I'd be upset too honey - it's just not right, and bottom line - what he's doing - is disrespectful to you…

Tell him how you feel - tell him either he dates you and forgoes the sex & dating sites or you're gone…you don't need or deserve this. You deserve a man who gives you his whole attention..

Take care sweetie, Marilyn

17

If youre not engaged he will do what he wants. If he wont stop and you hate it that badly, you can find someone who respects you more. It doesnt sound like real love on his part.

18

you need to talk to him you know..open communication is the best in a relationship.if he doesnt want to part himself from those dating/sex sites…maybe you need to compromise with each other.tell him it hurts you most..and you are the real thing compared from those sites.so cheer up!

19
luvlisteningtomusic
February 13th, 2011 at 9:50 am

He is probably not serious about the relationship you two are in. You need to tell him straight out if he wants to stay in the relationship you two are in then he needs to get off that site. He could be thinking that he could find someone better or he could like the attention he is getting on there. You should put yourself back on that site and see how he feels about it.

20

yes i think it wrong my hubby is doing this and does it when i am not around i have asked him about it but he lies about it what gets me is that the girls on the other end thinks hes single that piss me off even more so girl i know how u feel
good luck

21

if he still goes after you have told him how it makes you feel. then he has no respect for your feelings and you need to say good bye. it is an emotional affair… hurts like hell but if you cut it off now save yourself from further pain. If he is on those sights makes you wonder is he looking for the next victim after you toss him out… think about it if he is looking there what makes you think he hasn't met them in person…..

22

yup .. its absolutely wrong to continue doing that while being in a serious relationship that you really care about you partner feeling and thoughts .. what you need to do is to take a serious issue about it ,, it isn't something that you will be upset about for a while then forget about and move on !! it threats your relationship .. he need to be more caring about you .. if he's not maybe you should think twice about how mush that man is committed to you ..

23

I have read that:

True Love is not possessive.

True loves gives Freedom. If your love is true he will leave all that bothers you & you will find him.

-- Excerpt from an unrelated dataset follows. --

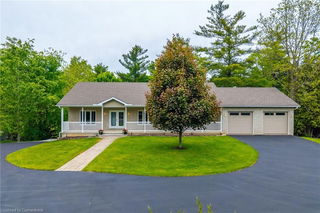 1323 8th Concession Road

Be happy, open & frank. Don't fret. Don't Worry.

You need to handle this situation professionally with dexterity.

GOD BLESS YOU BOTH.!

24

Ask him if he is happy with your relationship. If he said "yes" and then ask him why he needs to go on these sights. If he said "no" drop him and move on.

25

Yes – it’s wrong to continue with such activity. In a nutshell this is a small thing in comparison to life ups and downs. If he doesn’t respect how you on this, then there’s much more and bigger things he’s not going to respect. He’s selfish and for some reason finds more pleasure on the websites than what he have at home. I don’t encourage people to leave they’re mate, but I do highly recommend people to think bigger and broader. Look at themselves and what makes them happy, what they can and can’t tolerate, what’s acceptable and unacceptable. You must look at yourself and what pleases you and then you’ll have the answer to your question.

26

well were both in the same situation, execpt my b/f hasn't told me about it i found out. i kinda asked him about it but he denies it, i can't tell him i know only cause the way i found out ( i checked his email) so atleast your b/f is telling you and not hiding it. i think if my b/f was a lil more honest i wanna say i wouldnt be that mad. cause i know about it. all i can say is that your lucky he was honest enough to tell you. i know it really sux but just talk to him. i hope the outcome is good good luck hun.